7)価格やサービスが常識範囲かどうかチェック
 憧れの高級品が欲しくてネットを見ていたら、明らかに安いショップを発見することがあります。まず、一般的な価格帯を大幅に超えて安いなら、その時点でネット詐欺を疑いましょう。転売しても利益が出そうな価格で商品が売っていると思わないことをお勧めします。

変な日本語を使っていたり、あり得ない価格で売られていたらネット詐欺の可能性大です

8)ウイルスかどうかをチェック
 セキュリティツールや小遣い稼ぎツール、ゲームの改造ツール、便利なユーティリティアプリとかたって、ウイルスをインストールさせようとする詐欺もあります。この場合は、ウイルス対策ソフトをきちんと動作させていれば防げます。問題は、巧妙に誘導されて自分で遠隔操作ソフトをインストールしてしまうケースです。これは、まず犯人の指示に従わないように、他のチェック項目で防御したいところです。

9)SSL/TLS通信になっているかどうかチェック
 個人情報を入力する際、そのウェブページがSSL/TLS通信で暗号化されているかどうかを確認します。SSL/TLSが無効になっているなら入力は避けましょう。URLが「https://~」で始まっていたり、鍵マークが表示されていればSSL/TLSが有効になっています。

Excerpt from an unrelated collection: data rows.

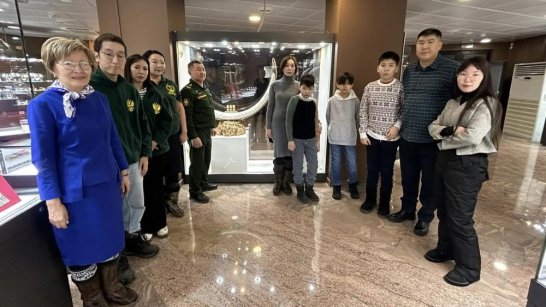 Родные Героя России Дмитрия Егорова посетили Сокровищницу Якутии
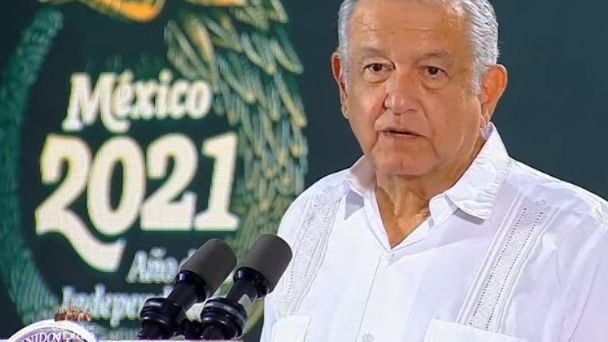 AMLO considera que estudiantes de la UNAM deberían hacer marcha en lugar de paro
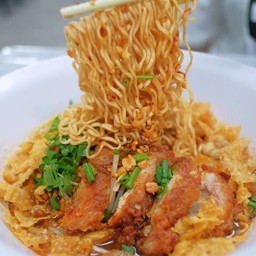 มาม่าผัดแห้งไก่ทอด
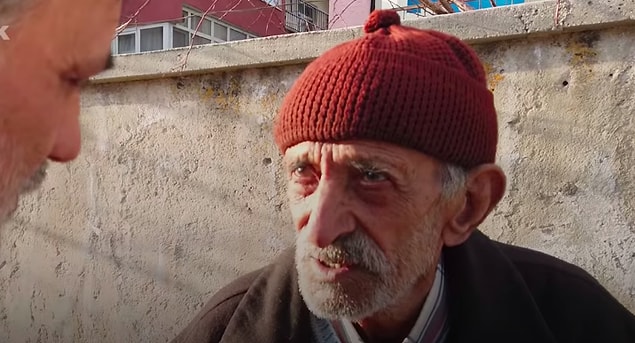 Hamza amca eşine yıllarca çok iyi bakmış fakat yaşı ilerledikçe zorlanmaya başlamış, gözleri de bozulmuş.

問題は、SSL/TLSが有効でも、それがネット詐欺ではないとは限らないことです。SSL/TLSは表示されているURLとサイトが同一かどうかを証明しているだけで、本家のサイトかどうかは判断していません。他のチェック項目を組み合わせて防御しましょう。

SSL/TLSが有効になっていることを確認しましょう。また、自分がアクセスしようとしているサイトと合っているかも確認する必要があります(画像は、ウェブブラウザー「Microsoft Edge」での表示例)

10)あり得ないことはあり得ない
 1億円あげますとか、ロトの必勝法を教えますとか、若い美男美女から口説かれるとか、高級品を激安で買えるとか、あり得ないことは現実には起きないと肝に銘じておきましょう。欲望は判断を鈍らせます。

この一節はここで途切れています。